The CAA is required to check that participants in the civil aviation system are meeting their regulatory responsibilities. It does this by compliance monitoring and inspection.

Surveillance can only be a sample of the state of an aviation document holder's compliance. It is not intended to substitute a participant's responsibility for self checking of their own compliance with legislative requirements, and their continued safe operation in accordance with the safety standards, practices and conditions attached to their aviation documents.
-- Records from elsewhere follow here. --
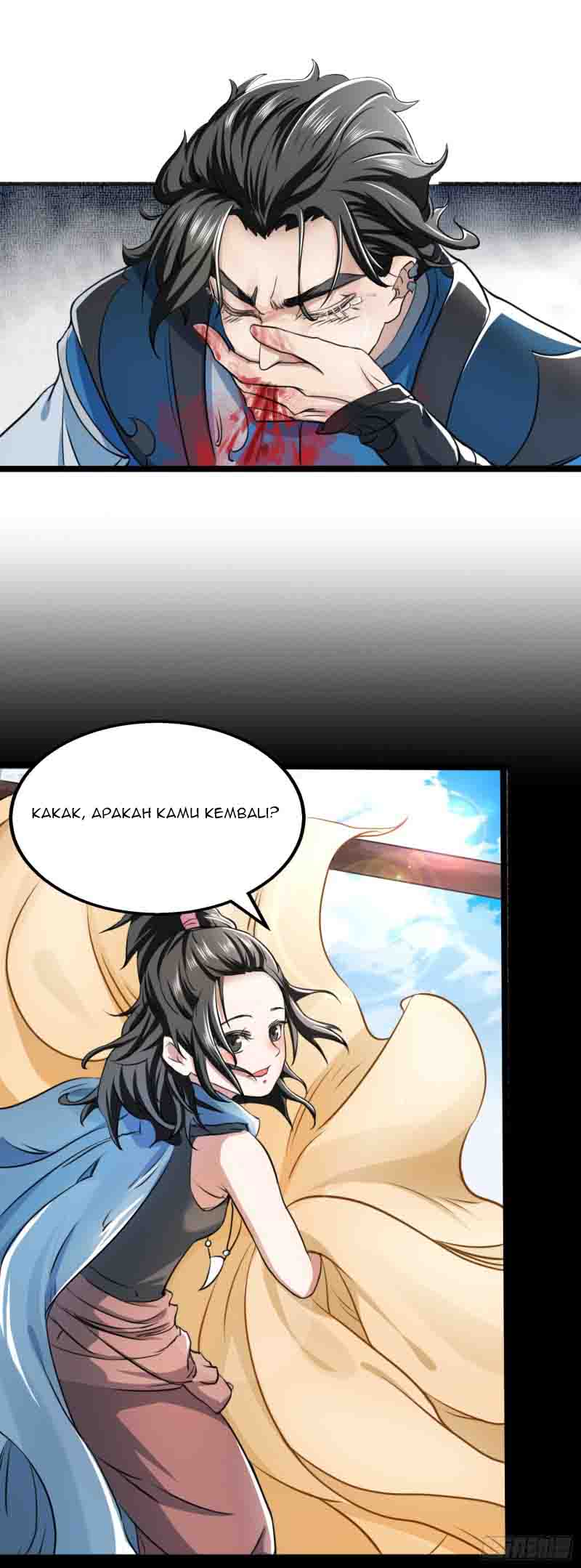 humman-era - Chapter: 8
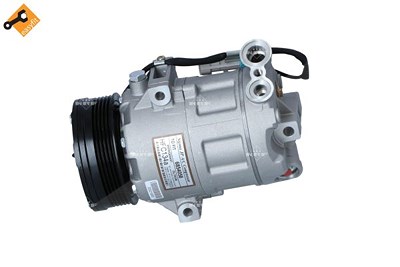 Nrf Kompressor, Klimaanlage [Hersteller-Nr. 32429] für Opel, Vauxhall von NRF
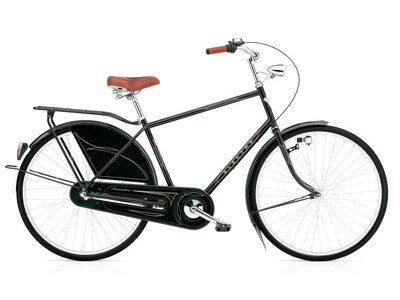 Electra Bicycle Amsterdam Classic 3i Herren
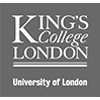 Investigación académica para King's College London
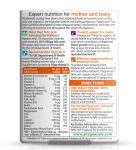 Vitabiotics – Pregnacare Original – 30 Comprimés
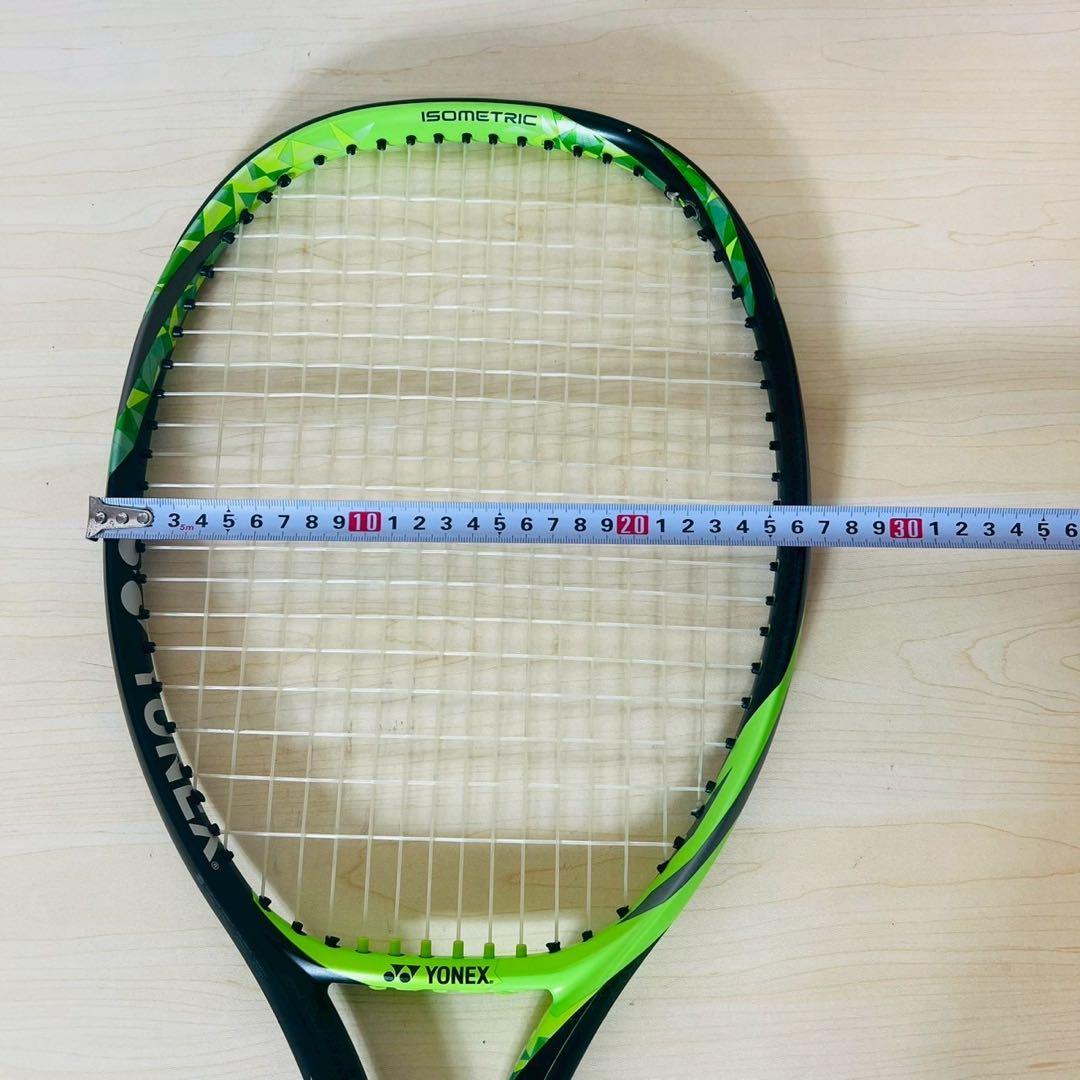 YONEX EZONE100 EZONE テニスラケット 硬式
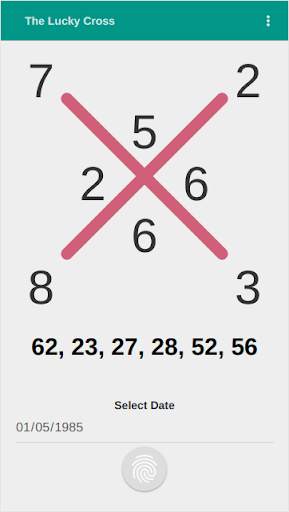 My Lucky Cross screenshot 5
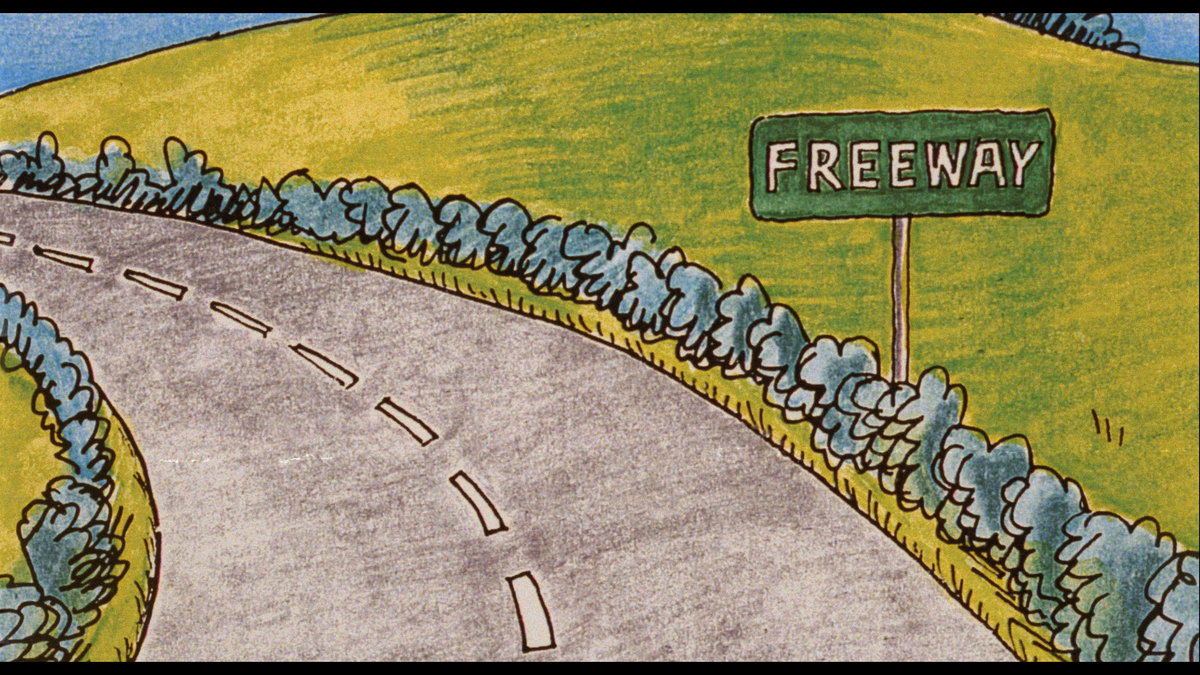 Freeway 1 & 2 [Hard Case]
The amount of surveillance activity is determined by a number of factors including the assessed risk level and the safety performance of document holders both collectively and individually.

Surveillance Methods

Staff assigned to inspection and monitoring tasks do the following:

  1. Carry out risk evaluations, audits and inspections on participants in the civil aviation system, identifying and recording risk factors and any safety findings, causal factors and associated corrective actions.
  2. Establish and agree the due date for corrective actions that need to be taken by holders of aviation documents and approvals in order to achieve compliance.
  3. Follow up corrective actions and their implementation by participants within the agreed time scale.
  4. Report observed breaches of the Rules and, where appropriate, take action in accordance with delegated powers and functions to remove a safety hazard.
  5. Enter audit findings and maintain risk evaluations and other information from inspection and monitoring activities on the CAA database.
  6. Raise safety concerns arising from inspection and monitoring activities and initiate other action by the CAA where action is necessary in the interests of safety and compliance with the Rules.

Staff performing inspection and monitoring tasks are responsible for accurately assessing the state of compliance of industry participants, for reporting this objectively, and for ensuring the CAA is kept informed of changes in the circumstances of individual participants that might adversely affect compliance and safety.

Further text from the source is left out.